For each line below, print it again exactly as shown.

Excerpts from a dataset
Content starts

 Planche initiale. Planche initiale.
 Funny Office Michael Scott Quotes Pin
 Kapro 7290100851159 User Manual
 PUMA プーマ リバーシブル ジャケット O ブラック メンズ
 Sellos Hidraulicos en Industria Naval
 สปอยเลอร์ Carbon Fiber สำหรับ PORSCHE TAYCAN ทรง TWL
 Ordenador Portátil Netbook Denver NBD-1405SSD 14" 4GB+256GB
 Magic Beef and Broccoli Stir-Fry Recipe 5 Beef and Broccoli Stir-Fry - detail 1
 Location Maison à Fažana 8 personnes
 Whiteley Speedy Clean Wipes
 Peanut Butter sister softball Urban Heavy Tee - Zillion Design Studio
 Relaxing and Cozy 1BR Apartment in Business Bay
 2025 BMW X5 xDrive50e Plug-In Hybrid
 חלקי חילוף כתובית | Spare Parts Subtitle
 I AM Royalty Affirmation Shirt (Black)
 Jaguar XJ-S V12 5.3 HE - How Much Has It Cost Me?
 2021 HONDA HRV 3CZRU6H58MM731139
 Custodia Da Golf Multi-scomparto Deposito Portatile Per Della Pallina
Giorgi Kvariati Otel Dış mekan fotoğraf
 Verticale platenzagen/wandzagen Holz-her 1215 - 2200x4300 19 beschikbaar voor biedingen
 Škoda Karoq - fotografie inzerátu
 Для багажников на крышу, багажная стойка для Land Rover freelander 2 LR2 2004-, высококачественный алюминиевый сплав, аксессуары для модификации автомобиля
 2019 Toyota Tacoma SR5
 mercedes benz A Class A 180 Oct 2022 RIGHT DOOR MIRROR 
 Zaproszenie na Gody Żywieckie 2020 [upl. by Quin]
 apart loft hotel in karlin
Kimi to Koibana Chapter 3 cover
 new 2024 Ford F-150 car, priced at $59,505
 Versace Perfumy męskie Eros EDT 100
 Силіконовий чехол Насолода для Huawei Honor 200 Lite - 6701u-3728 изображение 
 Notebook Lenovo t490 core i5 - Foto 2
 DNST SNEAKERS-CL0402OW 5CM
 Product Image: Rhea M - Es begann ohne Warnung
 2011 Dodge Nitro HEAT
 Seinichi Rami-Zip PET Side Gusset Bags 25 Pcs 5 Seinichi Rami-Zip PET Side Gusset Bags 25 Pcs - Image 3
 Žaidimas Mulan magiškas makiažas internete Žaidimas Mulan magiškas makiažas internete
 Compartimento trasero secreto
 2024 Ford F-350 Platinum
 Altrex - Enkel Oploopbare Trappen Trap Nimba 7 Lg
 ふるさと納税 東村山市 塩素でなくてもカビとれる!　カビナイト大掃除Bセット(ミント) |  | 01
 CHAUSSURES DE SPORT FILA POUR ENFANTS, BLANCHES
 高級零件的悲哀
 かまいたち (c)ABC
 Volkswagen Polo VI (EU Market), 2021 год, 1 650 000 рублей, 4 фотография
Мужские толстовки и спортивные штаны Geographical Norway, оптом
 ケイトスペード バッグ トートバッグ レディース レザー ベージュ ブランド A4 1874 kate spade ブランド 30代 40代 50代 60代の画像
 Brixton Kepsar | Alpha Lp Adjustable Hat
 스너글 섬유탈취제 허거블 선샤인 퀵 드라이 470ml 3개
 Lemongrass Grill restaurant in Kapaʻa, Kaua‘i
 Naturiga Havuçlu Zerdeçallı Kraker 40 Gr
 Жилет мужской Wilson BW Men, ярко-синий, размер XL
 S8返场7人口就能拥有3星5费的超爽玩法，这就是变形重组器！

Content ends

Exercise answer:
 Planche initiale. Planche initiale.
 Funny Office Michael Scott Quotes Pin
 Kapro 7290100851159 User Manual
 PUMA プーマ リバーシブル ジャケット O ブラック メンズ
 Sellos Hidraulicos en Industria Naval
 สปอยเลอร์ Carbon Fiber สำหรับ PORSCHE TAYCAN ทรง TWL
 Ordenador Portátil Netbook Denver NBD-1405SSD 14" 4GB+256GB
 Magic Beef and Broccoli Stir-Fry Recipe 5 Beef and Broccoli Stir-Fry - detail 1
 Location Maison à Fažana 8 personnes
 Whiteley Speedy Clean Wipes
 Peanut Butter sister softball Urban Heavy Tee - Zillion Design Studio
 Relaxing and Cozy 1BR Apartment in Business Bay
 2025 BMW X5 xDrive50e Plug-In Hybrid
 חלקי חילוף כתובית | Spare Parts Subtitle
 I AM Royalty Affirmation Shirt (Black)
 Jaguar XJ-S V12 5.3 HE - How Much Has It Cost Me?
 2021 HONDA HRV 3CZRU6H58MM731139
 Custodia Da Golf Multi-scomparto Deposito Portatile Per Della Pallina
Giorgi Kvariati Otel Dış mekan fotoğraf
 Verticale platenzagen/wandzagen Holz-her 1215 - 2200x4300 19 beschikbaar voor biedingen
 Škoda Karoq - fotografie inzerátu
 Для багажников на крышу, багажная стойка для Land Rover freelander 2 LR2 2004-, высококачественный алюминиевый сплав, аксессуары для модификации автомобиля
 2019 Toyota Tacoma SR5
 mercedes benz A Class A 180 Oct 2022 RIGHT DOOR MIRROR 
 Zaproszenie na Gody Żywieckie 2020 [upl. by Quin]
 apart loft hotel in karlin
Kimi to Koibana Chapter 3 cover
 new 2024 Ford F-150 car, priced at $59,505
 Versace Perfumy męskie Eros EDT 100
 Силіконовий чехол Насолода для Huawei Honor 200 Lite - 6701u-3728 изображение 
 Notebook Lenovo t490 core i5 - Foto 2
 DNST SNEAKERS-CL0402OW 5CM
 Product Image: Rhea M - Es begann ohne Warnung
 2011 Dodge Nitro HEAT
 Seinichi Rami-Zip PET Side Gusset Bags 25 Pcs 5 Seinichi Rami-Zip PET Side Gusset Bags 25 Pcs - Image 3
 Žaidimas Mulan magiškas makiažas internete Žaidimas Mulan magiškas makiažas internete
 Compartimento trasero secreto
 2024 Ford F-350 Platinum
 Altrex - Enkel Oploopbare Trappen Trap Nimba 7 Lg
 ふるさと納税 東村山市 塩素でなくてもカビとれる!　カビナイト大掃除Bセット(ミント) |  | 01
 CHAUSSURES DE SPORT FILA POUR ENFANTS, BLANCHES
 高級零件的悲哀
 かまいたち (c)ABC
 Volkswagen Polo VI (EU Market), 2021 год, 1 650 000 рублей, 4 фотография
Мужские толстовки и спортивные штаны Geographical Norway, оптом
 ケイトスペード バッグ トートバッグ レディース レザー ベージュ ブランド A4 1874 kate spade ブランド 30代 40代 50代 60代の画像
 Brixton Kepsar | Alpha Lp Adjustable Hat
 스너글 섬유탈취제 허거블 선샤인 퀵 드라이 470ml 3개
 Lemongrass Grill restaurant in Kapaʻa, Kaua‘i
 Naturiga Havuçlu Zerdeçallı Kraker 40 Gr
 Жилет мужской Wilson BW Men, ярко-синий, размер XL
 S8返场7人口就能拥有3星5费的超爽玩法，这就是变形重组器！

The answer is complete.